Re: array support patch phase 1 patch

From: Tom Lane <tgl(at)sss(dot)pgh(dot)pa(dot)us>
To: Joe Conway <mail(at)joeconway(dot)com>
Cc: "Patches (PostgreSQL)" <pgsql-patches(at)postgresql(dot)org>
Subject: Re: array support patch phase 1 patch
Date: 2003-04-09 19:00:20
Message-ID: 9274.1049914820@sss.pgh.pa.us
Views: Raw Message | Whole Thread | Download mbox | Resend email
Thread:
Lists: pgsql-patches

Joe Conway <mail(at)joeconway(dot)com> writes:
> Here's an updated patch that fixes the above mentioned issues. I also
> added significantly more functionality.

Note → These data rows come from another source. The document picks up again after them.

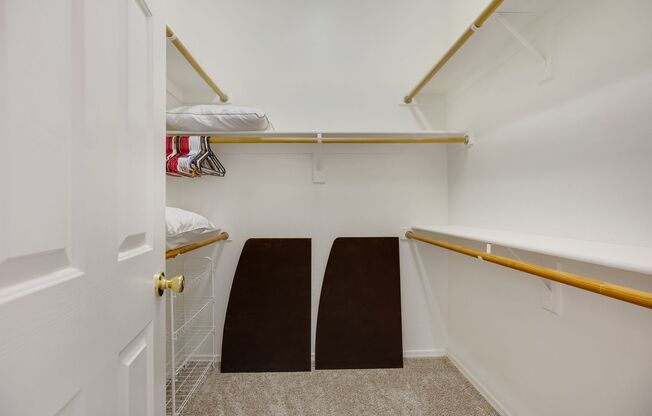3 beds, 2 baths, $2,350
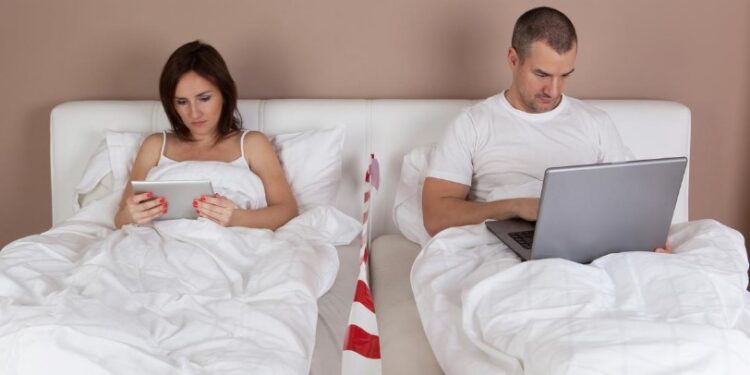 1 në 3 partnerë largohen nga shtrati gjatë natës, shtohen problemet me gjumin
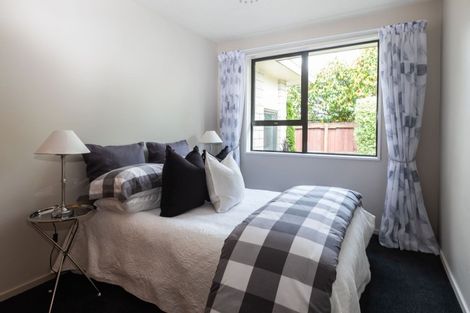 Photo of property in 2/27 Mortlake Street, Islington, Christchurch, 8042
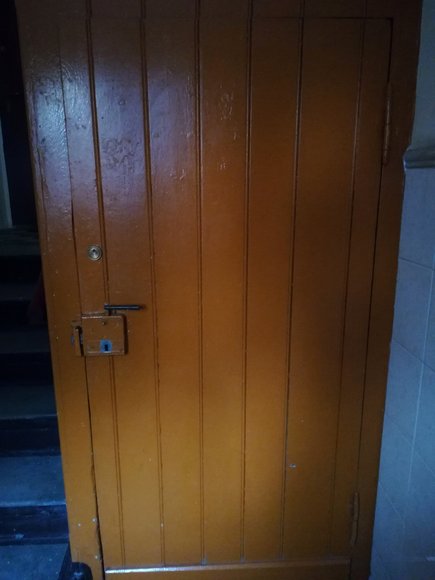 Starodawne drzwi od piwnicy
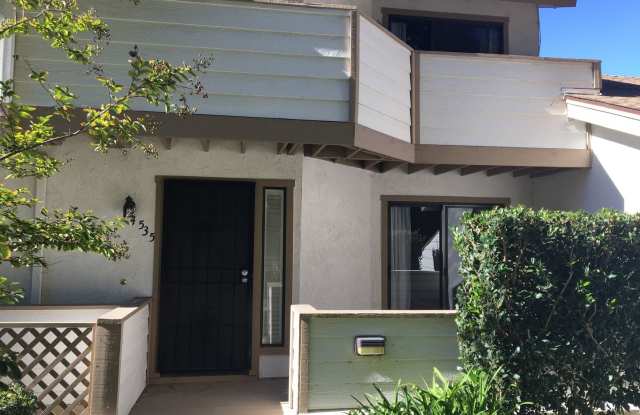 4535 Chateau Dr - 4535 Chateau Drive, San Diego, CA 92117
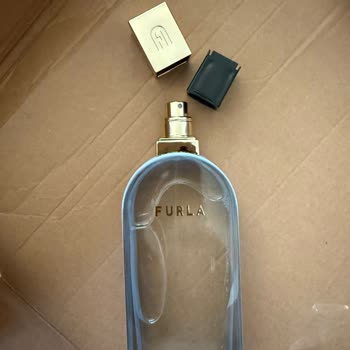 Beymen'den Gelen Parfümde Kırık Kapak Ve Tester Eksikliği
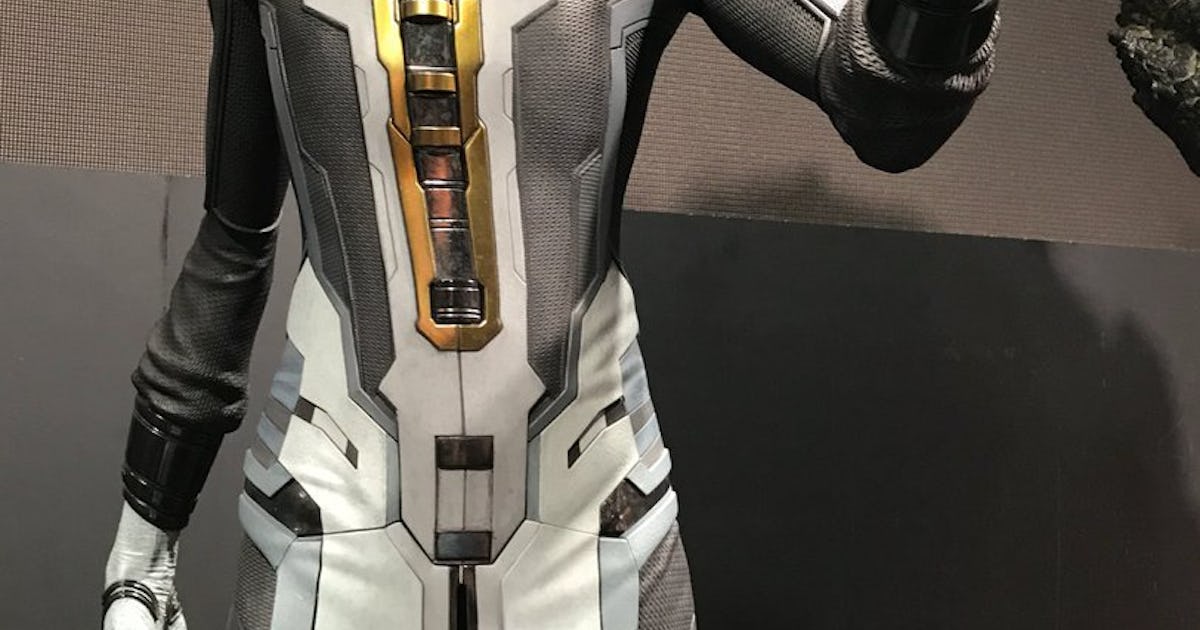 Ebony maw infinity war deals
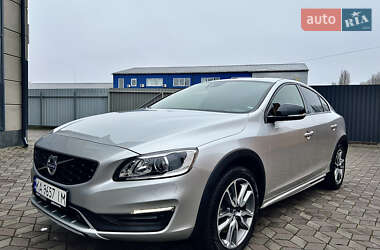 Седан Volvo S60 Cross Country 2017 в Киеве
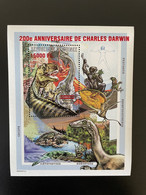 Guinée Guinea 2009 Mi. Bl. 1736 Surchargé Overprint Dinosaures Dinosaurier Dinosaurs 200e Anniversaire De Charles Darwin - Préhistoriques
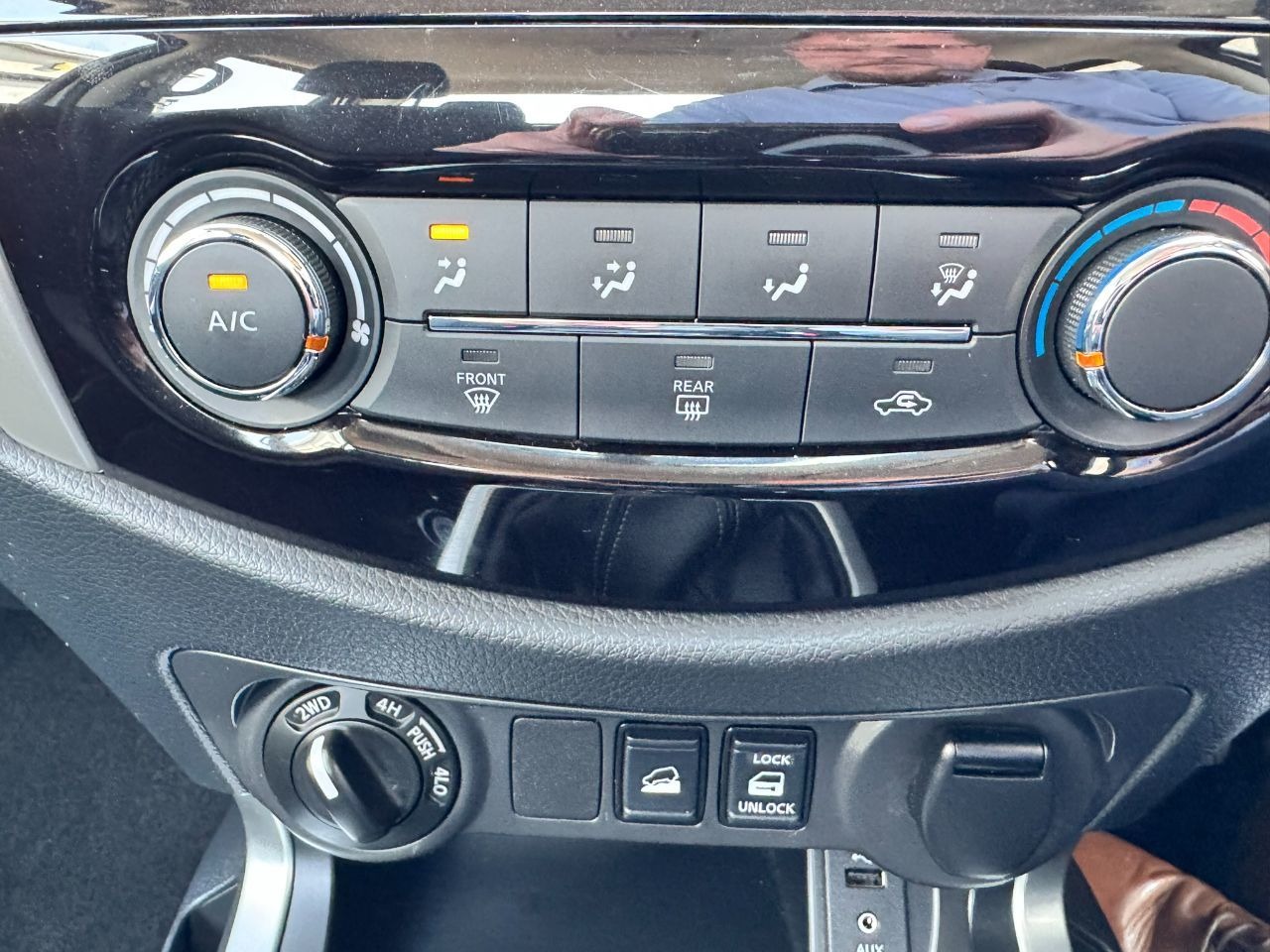 Used Nissan Navara 2023 for sale - 76553895: Photo 17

I've applied much but not all of this. Some comments:

I didn't apply any of the aggregate changes, because I'm unsure of how
we actually want to do that. AFAICT you've set it up so that the
polymorphism of the transition function is hidden within the aggregate,
and one must still create a separate aggregate for each input datatype.
Couldn't we fix things so that a polymorphic transition function leads
to a polymorphic aggregate? I'm not totally sure that makes sense, but
it seems worth thinking about.

Also I didn't put in the bool_op stuff. That seemed pretty messy; in
particular I didn't care for looking at the operator names to decide
what to do. Another problem is that the actual lookup of the scalar
operators would be schema search path dependent. I'd feel more
comfortable with something that created a tighter binding of the array
operators to the underlying scalar operators. Not sure how to do it,
though.

There are a number of remaining annoyances in array type assignment and
coercion. Here's one:

create table t1 (p point[]);
insert into t1 values(array['(3,4)','(4,5)','(6,7)']);
ERROR: column "p" is of type point[] but expression is of type text[]
You will need to rewrite or cast the expression
Instead you have to write
insert into t1 values(array['(3,4)'::point,'(4,5)','(6,7)']);

I'm not sure if there's any way around this, but it certainly reduces the
usefulness of untyped literals. Right offhand it seems like maybe we could
invent an UNKNOWNARRAY type so as to postpone the decision about what the
array's type should be --- but I'm worried about possible side-effects.
I think there are places where the existence of "unknown[]" might allow
the type resolution logic to follow paths we don't want it to follow.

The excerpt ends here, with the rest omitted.